Any further insights from you would be incredibly useful - I hope to make some kind of decision tomorrow.
02-21-2021 12:11 PM
if a application can make use of a quadeo/RTX driver, some of the graphic cards calations are speed up massively
because of this a rather low end quadro card can actually be faster than a high end gaming card also the precision of a professional card is a know quantity IE- a circle is actually round instead of somewhat round which is quite important when building things like bridges high rise buildings and so on
so if your needs (time/accuracy) require these then a gaming card is not recommended and the application makers recommendations should be followed
i don't think miners/scalpers are going after the quadro cards due to the initial high price these professional cards start out at
02-21-2021 12:41 PM
Yes, the description of the project scale and time criticality does change the situation as regarding specification.
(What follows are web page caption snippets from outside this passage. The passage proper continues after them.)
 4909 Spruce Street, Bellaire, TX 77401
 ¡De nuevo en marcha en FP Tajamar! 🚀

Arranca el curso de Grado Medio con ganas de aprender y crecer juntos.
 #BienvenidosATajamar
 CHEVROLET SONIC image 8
The mention of FPS suggesting animation / fly-throughs and the 2GB project size does also suggest the criticality of stability.
I had a look at the Bentley site and the minimal system requirements list is quite amazing:
"This is the machine on which you will author scenes and animations inside the LumenRT LiveCube.
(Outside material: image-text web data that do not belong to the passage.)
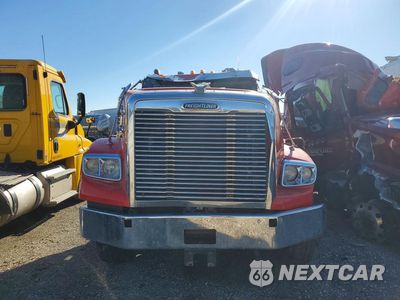 Piąte zdjęcie samochodu w środku: 2012 FREIGHTLINER CORONADO SD122 SEMI TRUCK VIN:1FUJGNBG7CDBR1755 - miniatura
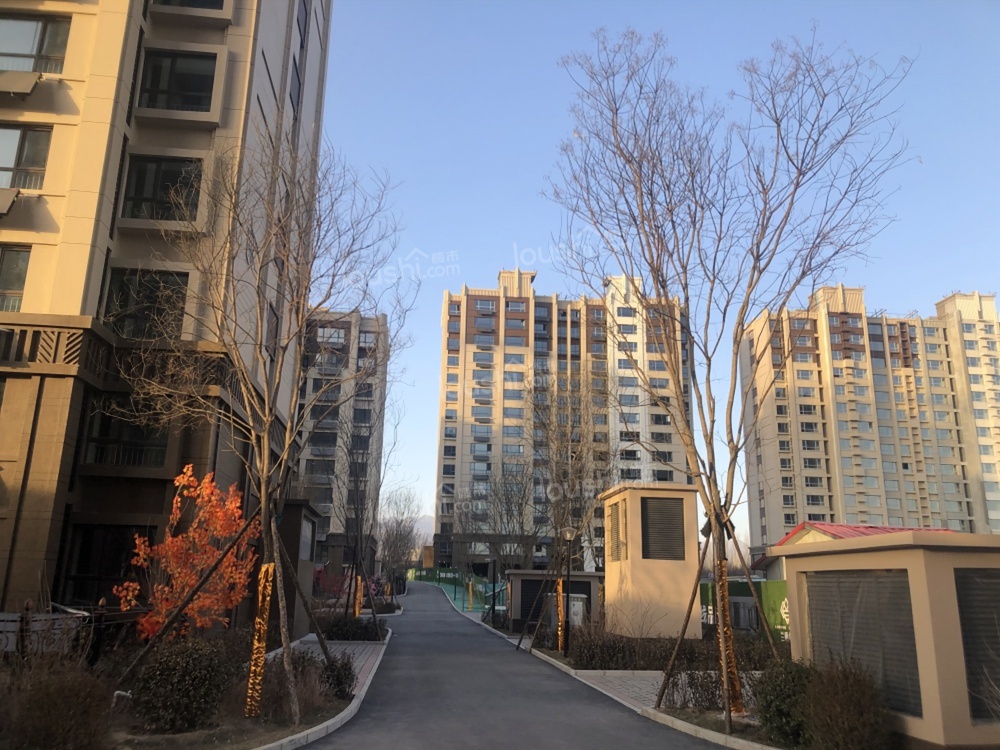 兰顿庄园后又一升级产品,也是京盛地产在怀来沙城打造的新地标建筑,在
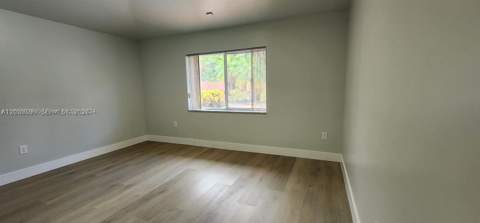 14817 SW 180th St, Miami FL - photo 8 of 15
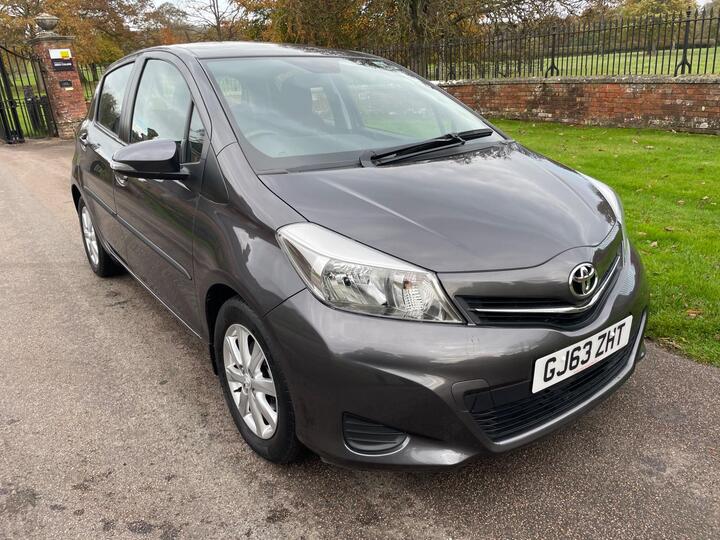 Toyota Yaris 1.33 Dual VVT-i TR Euro 5 5dr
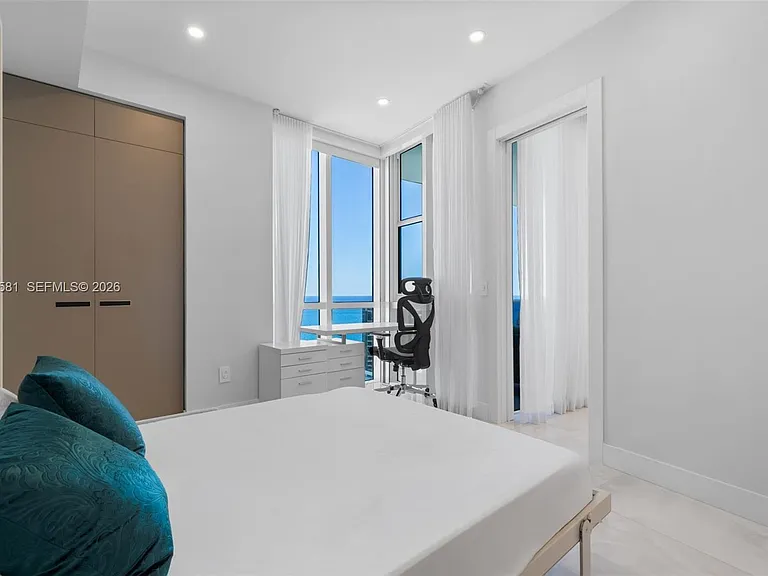 18201 Collins Ave #4606 — Photo 21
- Windows Windows 7, 8.1, or 10 : Must be 64-bit based OS platforms
- When authoring LumenRT LiveCubes, we recommend a graphics a graphics card containing at least 4 GB of VRAM with a 3D Mark FireStrike score of 10,000 or better (http://www.futuremark.com/hardware/gpu)"
- > The RTX 3080 scored 10667 in that benchmark. there is no Firestrike benchmark for the Quadro RTX 6000.
- 2GHz Intel processor or faster (multi-core CPU recommended)
- 4GB of free RAM (16GB recommended)
- 12GB of free Hard Disk space.
Notice that the GPU specification is related to the Firestrike benchmark.
In the subject project, it seems worthwhile to consider an Adobe Premiere optimized system as a model. the Puget Systems (pugetsystems.com) articles on optimizing for various common applications are well-reasoned, based on extensive testing and development. As well, the recommended system optimized for 4K Premier editing has a 16-core Ryzen with a Turbo speed of 4.9GHz, 128GB of RAM, an RTX 3080, and the OS SSD is M.2 PCIe4.0. configuration. The interesting aspect of that system is that it's not terribly more costly than a Quadro RTX6000 on it's own. The Quadro RTX6000 option in that system adds +$3,400 over the RTX 3080 version. From reviews and comments, it seems less likely that Puget would offer the RTX 3080 if it was not reliable in professional applications.
This is mentioned to reiterate the need- or rather the desirability of fast, high thread-count processors (s), a lot of RAM, high performance GPU, drives , and so on- high performance everything. The system is only as strong as the weakest link as mentioned in comparing the same GPU with various clock speed processors- a slow CPU can cut the GPU performance nearly in half.
Upgrading with one eye on the future is a difficult equation. If it was necessary to upgrade the CPU's, GPU, and RAM on the subject z640 to complete the work in the allotted time, and only the GPU could transfer to the next system, that could represent a poor cost/benefit situation.